I'm just back from a road trip that knocked my socks off. 

Aspens
I drove, with two friends, to a remote ranch in southeastern Oregon, near Steens Mountain.  (The above photo was taken on the gravel road up to the summit if said mountain.  The Aspens were peaking and unbelievably gorgeous.)  This part of Oregon is very different from the west side, which is lush and green.  Instead, we were in high desert country, basin and range, where wild mustangs still roam and we saw at least 30 different kinds of birds, including a great horned owl, whooping cranes, a bald eagle, grebes, and mountain bluebirds.

Seeing as how we were on a ranch, there were also cows:

  Cows
Excuse the sideways image, I don't know why it is loading that way.  At any rate, this is the cattle looking in the front door of the ranch house.  Crane your neck to the left and note the gate in the background, which, being city girls, it didn't occur to us to close.  So we had a lot of fun herding the cattle out from the backyard and back into the front pasture.  They went every which way, over the fence, leaving fur behind, and under it, breaking down a couple rails along the way.  One even went under barbed wire.

We climbed to the top of the afore-mentioned Steens Mountain:

AtopSteens
From where I'm pretty sure you can see Idaho and Nevada in the distance, hundreds of miles away.  It was colder than a witch's you-know-what up there, and windy as hell.  But spectacular.  Oh, and all these years as an Oregonian, I thought it was Steens Mountains, plural, as in a mountain range.  But it is one very long mountain, a fault-block mountain which makes it so.

The idea was to write:

Bootsingrass
Which I did a wee bit of.  But mostly I was too busy inhaling the grand vistas, spotting birds, looking for wild mustangs, and meeting fabulously interesting people during dinner at the Hotel Diamond, which has been in operation since 1898.  Considering that its in a town with a population of 5 at the end of a road, its amazing and wonderful to me that the place is pretty much always booked up. 

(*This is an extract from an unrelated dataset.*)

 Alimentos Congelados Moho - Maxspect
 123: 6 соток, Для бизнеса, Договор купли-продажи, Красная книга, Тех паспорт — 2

By the way, the writer Ursula Le Guin stays at the same ranch house we did every year with her husband, and is so inspired about the place she just wrote a book about it, which you can buy here.  And, in another by the way, a friend and I are planning a writing retreat for next year that we've been scouting locations for–and this might just be the place.  So stay tuned for more details about that.

When I did have a small amount of time and sat down in the grass by Benson Pond to scribble away, I intended to work on something I've wanted to get done for a long time–a new freebie to entice people to sign up for my newsletter.  Its going to be a really good one, and I'm excited about working on it.  But I found I couldn't.  Why?  Because I had too much new stuff in my mind to focus.  That day by the pond I wrote about what I had seen.  And even since I've been home, I've still been writing and processing. 

I've been engaging in a brain dump, getting every new experience and vista out of my head an onto the page, clearing the way to go back to my other work.  And now, after journaling and blogging about it, I'm starting to feel clear enough to write the freebie.  So sometimes it is important just to allow yourself to do a brain dump.

What about you? How do you process new experiences?